BEGIN
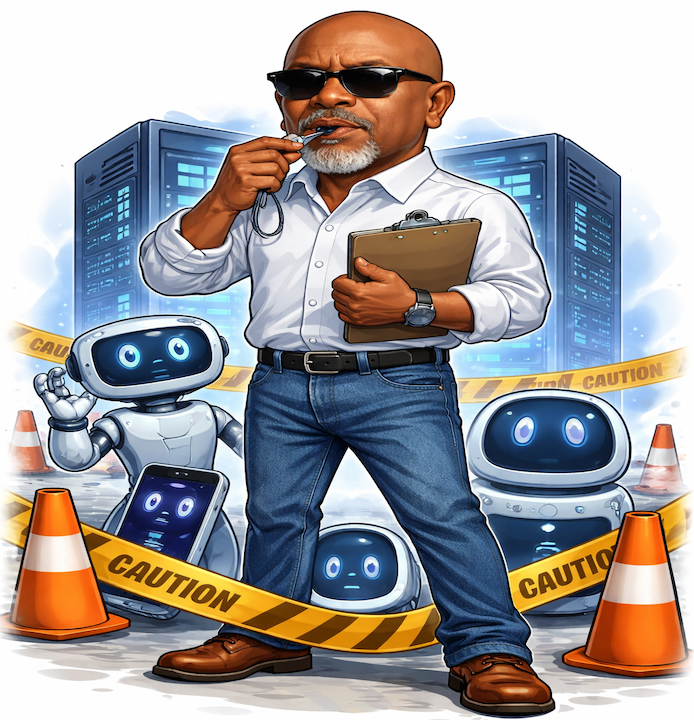 ccidllc.com_Ethics, Regulation, and Responsible AI/ Why the Machines Need Chaperones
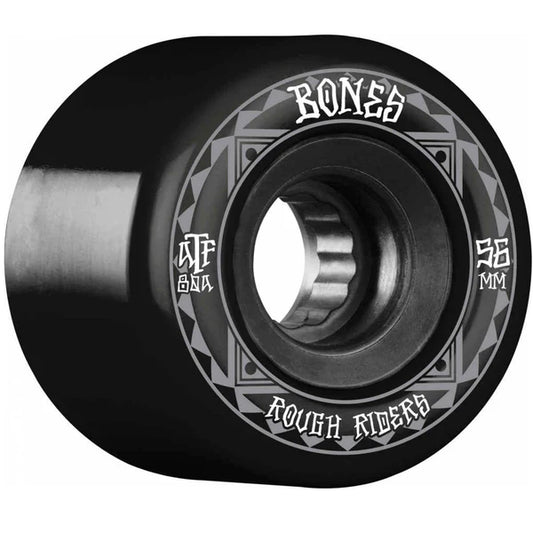 BONES ATF ROUGH RIDERS COUREURS 80A 56MM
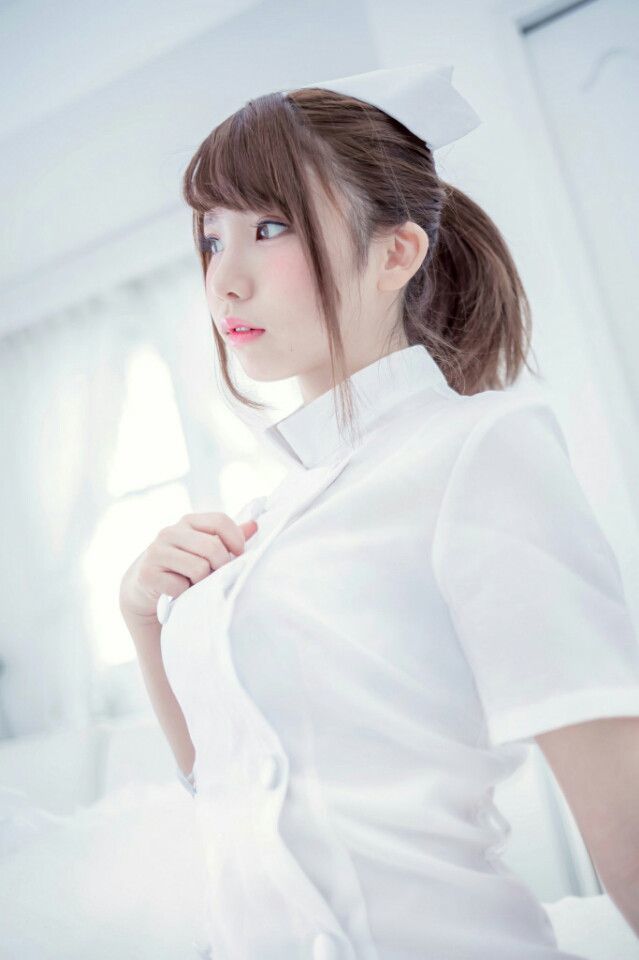 清纯肉感萌妹 日本第一cosplayer美少女写真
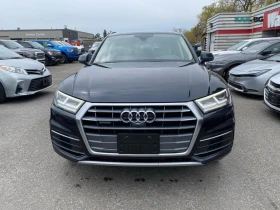 Audi Q5, снимка 2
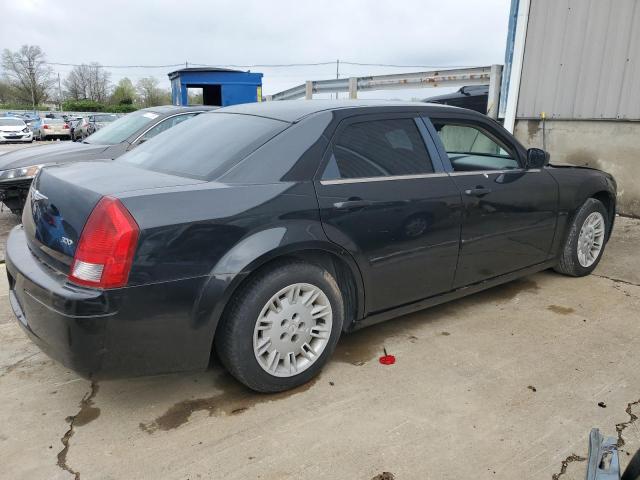 Photo 3 from auction – 2005 CHRYSLER 300 with VIN 2C3JA43R15H168174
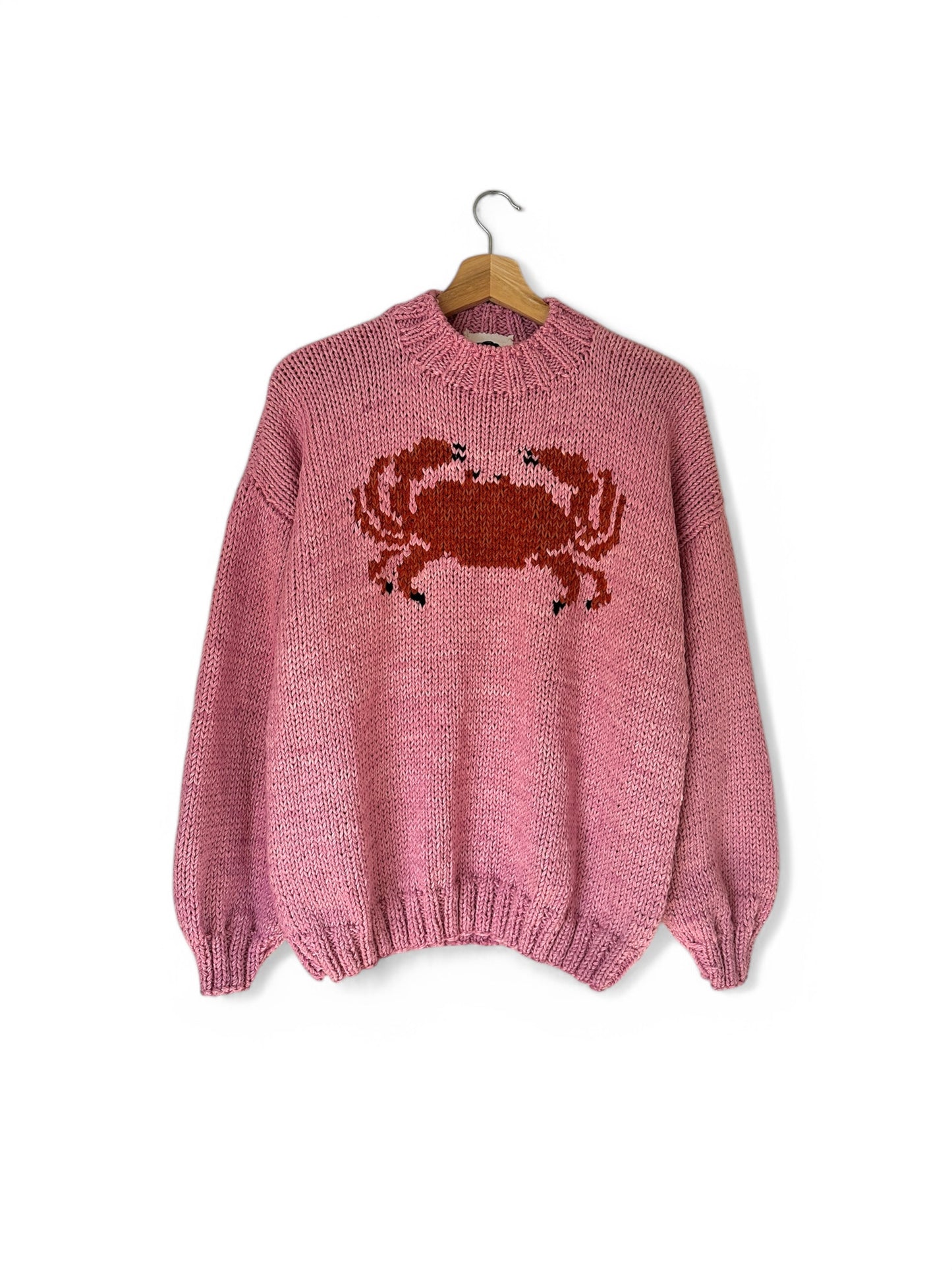 SWEATER JAIBA ROSA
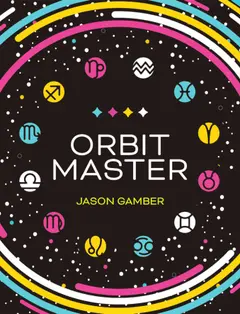 Orbit Master box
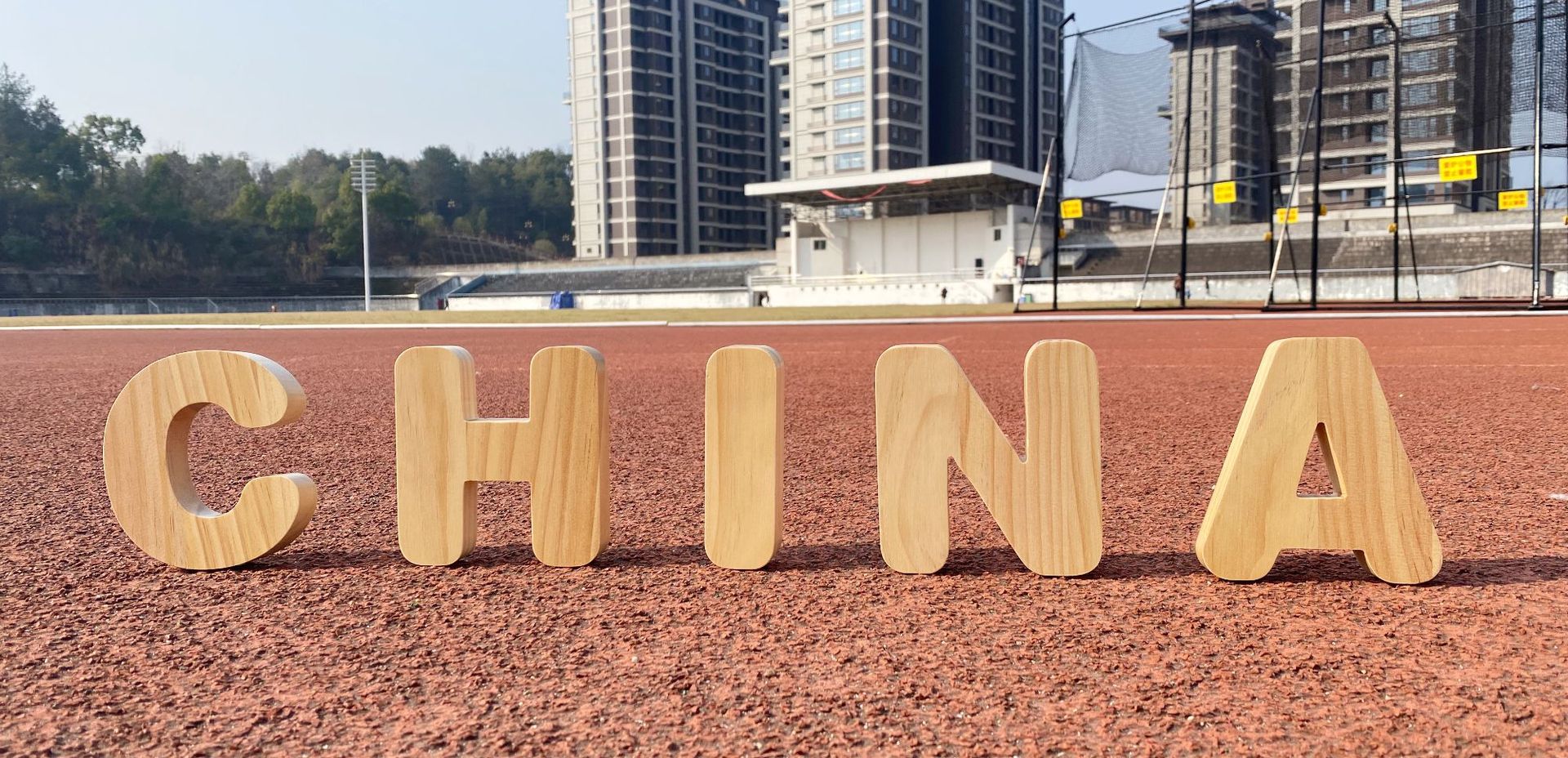 儿童木质26个英文字母拼单词幼儿园大积木平衡叠叠高堆叠益智玩具详情15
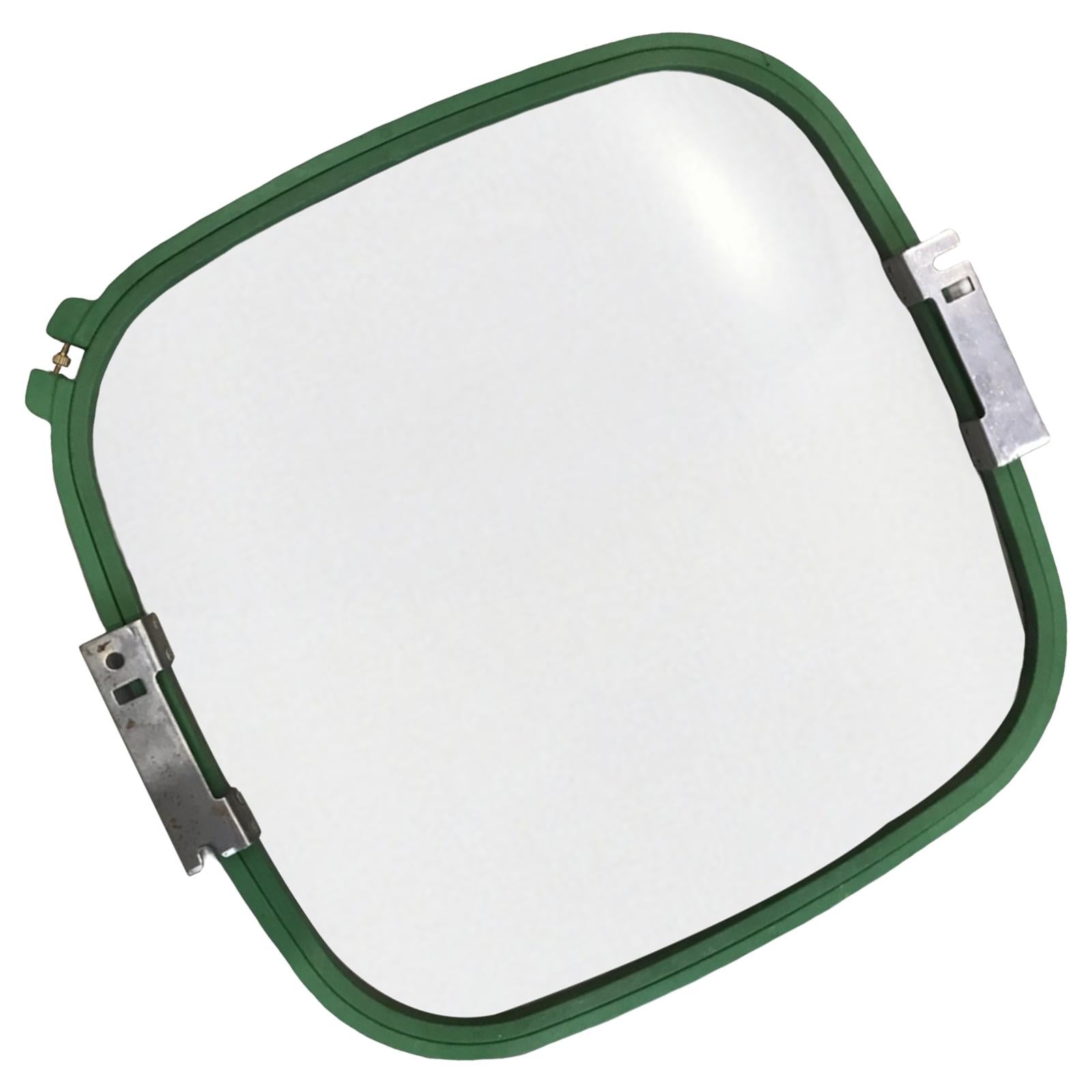 Embroidery Hoop for Tajima Tubular Frames Sewing Machine Spare Parts 300x300mm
END
### Goal of the exercise
With the pictures left out, return all the material above exactly.

### Task output
 ccidllc.com_Ethics, Regulation, and Responsible AI/ Why the Machines Need Chaperones
 BONES ATF ROUGH RIDERS COUREURS 80A 56MM
 清纯肉感萌妹 日本第一cosplayer美少女写真
 Audi Q5, снимка 2
 Photo 3 from auction – 2005 CHRYSLER 300 with VIN 2C3JA43R15H168174
 SWEATER JAIBA ROSA
 Orbit Master box
 儿童木质26个英文字母拼单词幼儿园大积木平衡叠叠高堆叠益智玩具详情15
 Embroidery Hoop for Tajima Tubular Frames Sewing Machine Spare Parts 300x300mm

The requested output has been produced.